In direct contrast to other tissues in the mammalian body, the brain is unable to properly regenerate and reconnect the injured areas to the uninjured areas of the brain [7]. The detailed pathophysiology of traumatic brain injury remains to be fully elucidated, but there are several components that have been studied and widely accepted as normal sequela following brain injury.

After brain injury, there are blood-brain barrier breakdown and neurodegeneration in areas including the injured cortex, hippocampus, and a portion of the diencephalon. Microglia, monocytes, macrophages, and neutrophils invade areas exhibiting blood-brain barrier damage (Figure 1) [8], which is also associated with extensive upregulation of neutrophil adhesion factors [9], including integrin receptors (Figure 1) and immunoglobulin superfamily members [1012]. This process is carried out through innate signaling pathways and, in the case of TBI, through release of damage-associated molecular pattern molecules (DAMPs), better known as danger signals [13]. This response is an effort to restore normal homeostasis, but, if the extent of injury is too great, maladaptive immune responses can ensue. This inflammatory response can persist for years and eventually contributes to neurodegeneration. However, the use of anti-inflammatory medications shortly after TBI has not been shown to be an effective treatment, which suggests that inflammation may play a beneficial role, particularly in the acute phase of TBI [14].

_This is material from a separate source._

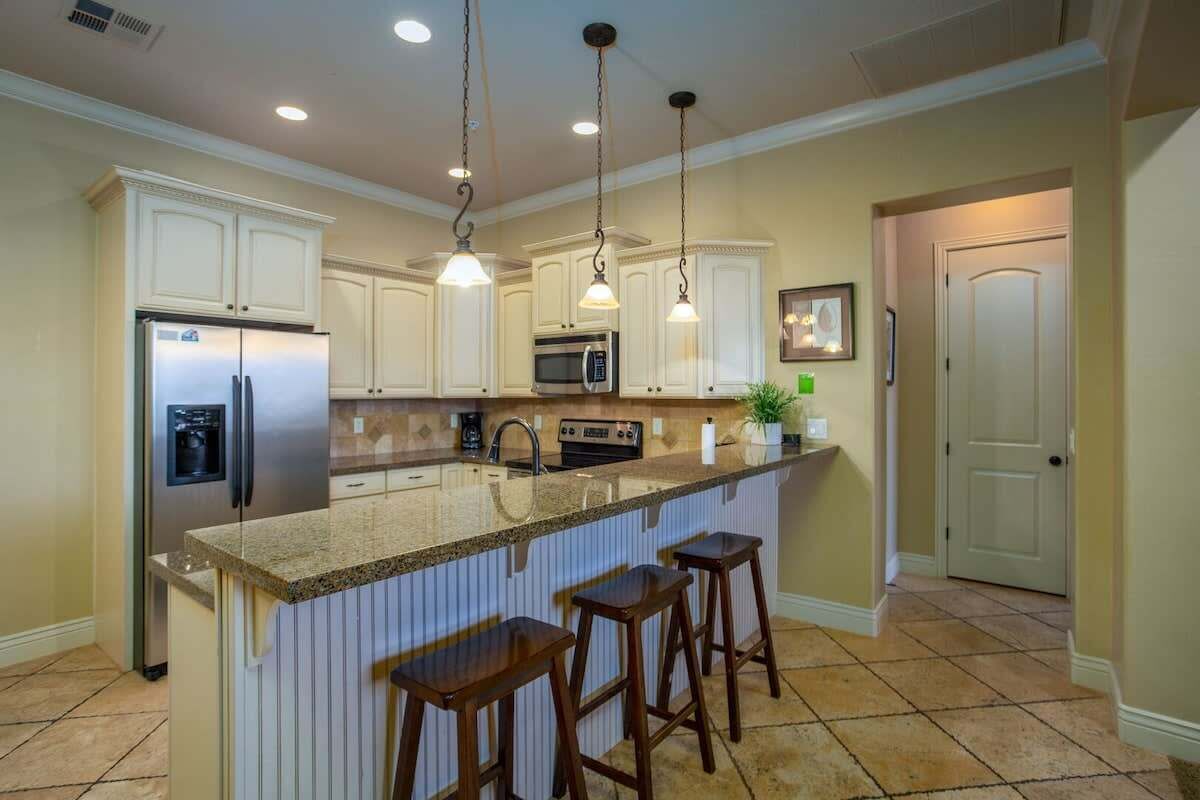 Una cocina con armarios blancos, un refrigerador de acero inoxidable, un microondas y una encimera de granito. Hay tres taburetes de madera en la isla.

Figure 1: After TBI, exogenous stem stimulate proliferation of endogenous neural stem cells (a). After TBI, there is induction of neurogenesis (b) post-TBI infusion of VEGF. After TBI and rupture of the blood-brain barrier, macrophages will stimulate an initial phase of phagocytic, proteolytic, and proinflammatory functions, while the second phase is characterized by anti-inflammatory functions, which includes regeneration, growth, angiogenesis, and matrix deposition. Microglia initiate inflammatory events. This figure also demonstrates neutrophil invasion and their impact on pathological processes of brain trauma, which includes alteration of vascular permeability and contribution to oxidative damage via secretion of lysosomal enzymes, and changes in cerebral blood flow. In addition, neutrophils act by releasing inflammatory cytokines such as IL-6, IL-1, and tumor necrosis factor alpha (TNF-α) (c). Microglia, monocytes, macrophages, and neutrophils invade areas exhibiting blood-brain barrier damage, and there is extensive upregulation of neutrophil adhesion factors including integrin receptors. Gerry Shaw, microglia and neurons, 25 July 2005, by Creative Commons; hematologist, segmented neutrophils, 31 August 2009, Creative Commons; microphages by Patho via Wikimedia Commons; microglia by Frontier in Cellular Neuroscience, 30 January 2013, Creative Commons.

3. Microglia

Microglia are the first responders in TBI and initiate inflammatory events. These cells have been shown to remain in the injured area more than one year following brain injury. It is unclear if microglia are responding to the degenerative process or are active players in the prolonged white matter degeneration [15]. Studies have revealed that in the acute phase response to cell death, microglia play a neuroprotective role by transforming into highly mobile phagocytic cells as they insert themselves into the damaged glial limitans, connecting to form a phagocytic barrier. Prevention of this response by blocking purinergic receptor signaling or connexin hemichannels results in exacerbation of pathological processes, including increased leaking of material into brain parenchyma [8]. Microglia are capable of different polarization states known as M1 and M2. The M1 macrophage response is rapidly induced and maintained at the site of injury and typically overwhelms the smaller and shorter-lived anti-inflammatory response of M2 cells. TNF-α and IFNγ promote differentiation into M1, which is capable of producing oxidative metabolites and proinflammatory cytokines. This response is essential for host defense but can lead to secondary damage in healthy cells and tissue [1618]. M2 cells are activated in the presence of IL-4 [19] or IL-1β [20], promote angiogenesis and matrix remodeling, and regulate the immune system. A recent study found that cycle AMP functions synergistically with IL-4 to drive the M1 to M2 conversion after experimental spinal cord injury. The presence of M2-converted microglia ameliorated production of proinflammatory cytokines, including TNF-α [21]. Kigerl and colleagues found further evidence supporting M1 macrophages to be neurotoxic and M2 cells to be neuroprotective. Finding a way to shift infiltrating blood monocytes towards the M2 phenotype after TBI may promote repair and regeneration and decrease secondary injury caused by proinflammatory events [22].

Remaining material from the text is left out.